SCOTT BROWN, CHIEF ECONOMIST, RAYMOND JAMES, ST. PETERSBURG, FLORIDA
“We saw the Fed promoting liquidity almost every day last week. And they took several more new steps today. It’s hard to keep up with all this progress. They are throwing everything in the kitchen sink.”
“One of the biggest fears we saw developing a few weeks ago was disruptions in the credit market. We anticipated there would be problems but the problems would be showing up so soon was disturbing. The credit market issues threaten to make this downturn a lot worse so the Fed is moving to ensure liquidity in the system.

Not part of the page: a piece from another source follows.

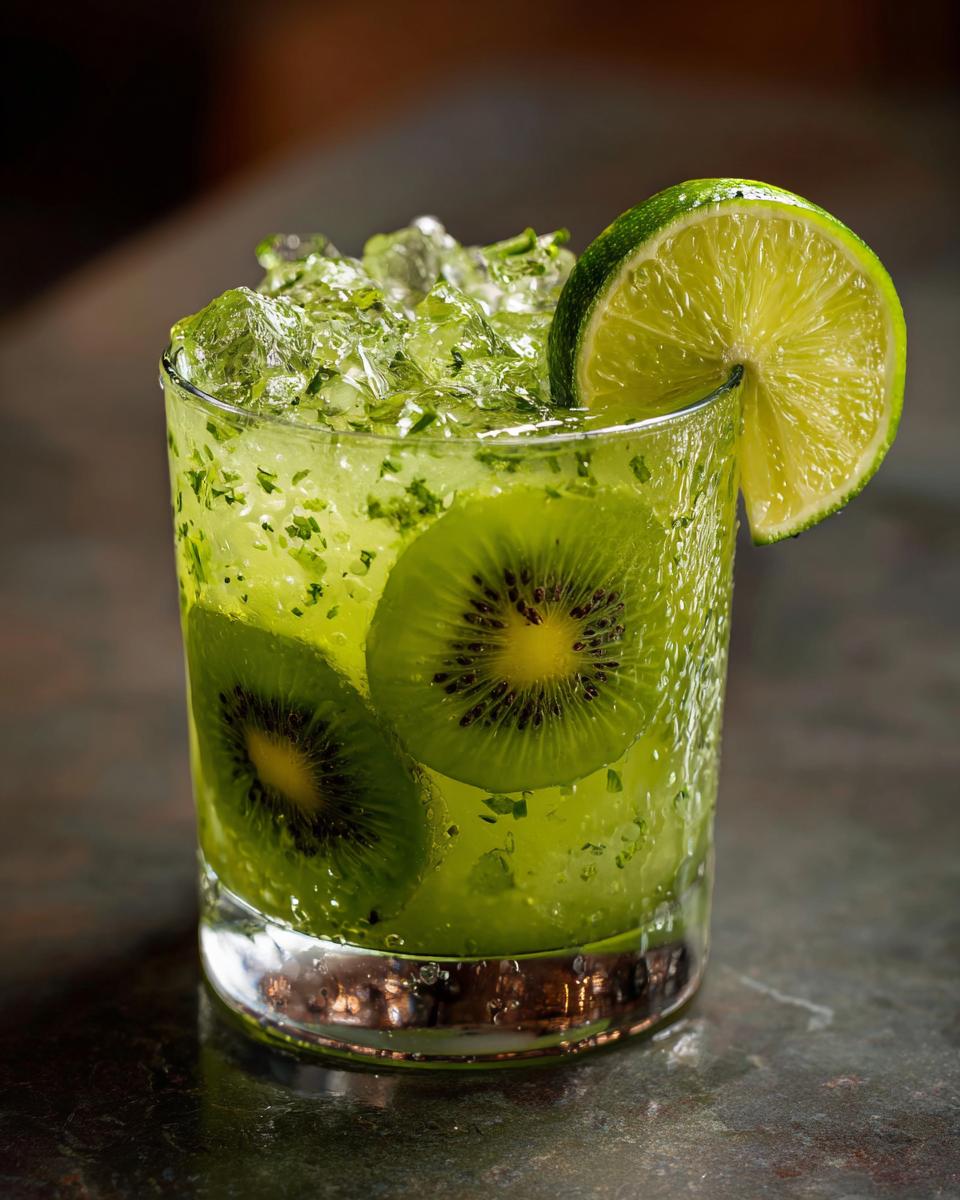 Close-up of a Green Margarita with Kiwi, garnished with lime and kiwi slices.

“These efforts alone are not going to do anything against the virus – that’s the big problem. We are going to take a pretty big economic hit here and economists have been revising their growth outlooks down and down and down every day.

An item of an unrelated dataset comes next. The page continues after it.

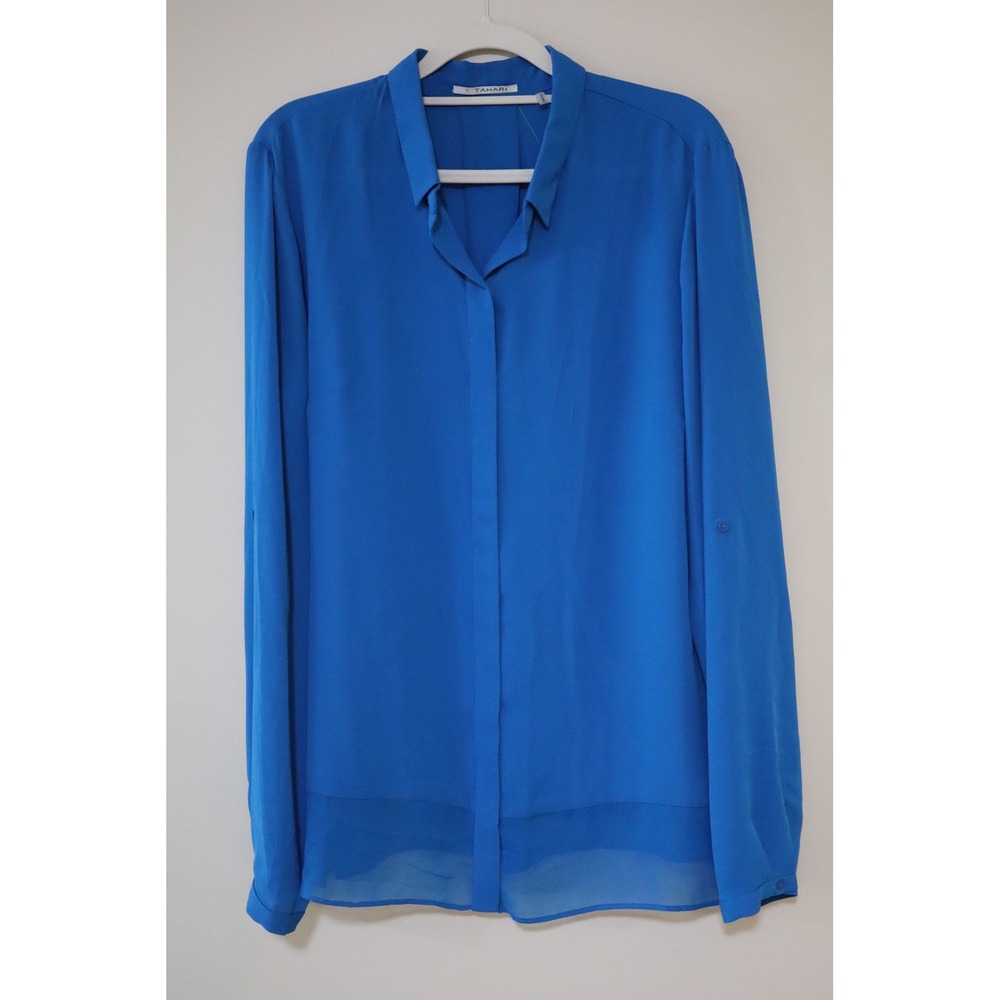 Officecore Professional T Tahari Blouse Large Blue Layered Hem Roll Tab Sleeve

“It will help but we still need fiscal stimulus and we need a lot of it. We need it geared towards the people who are going to be really suffering. Extended unemployment insurance benefits, bail outs for small firms, some help for corporations and people at the lower level of the economy that are going to be hit hard. The anecdotal stuff that I am hearing is that it’s really horrible for some people, for example those in the hospitality industry, who have lost their jobs and they don’t have any income. It’s a full blown crisis at this point.”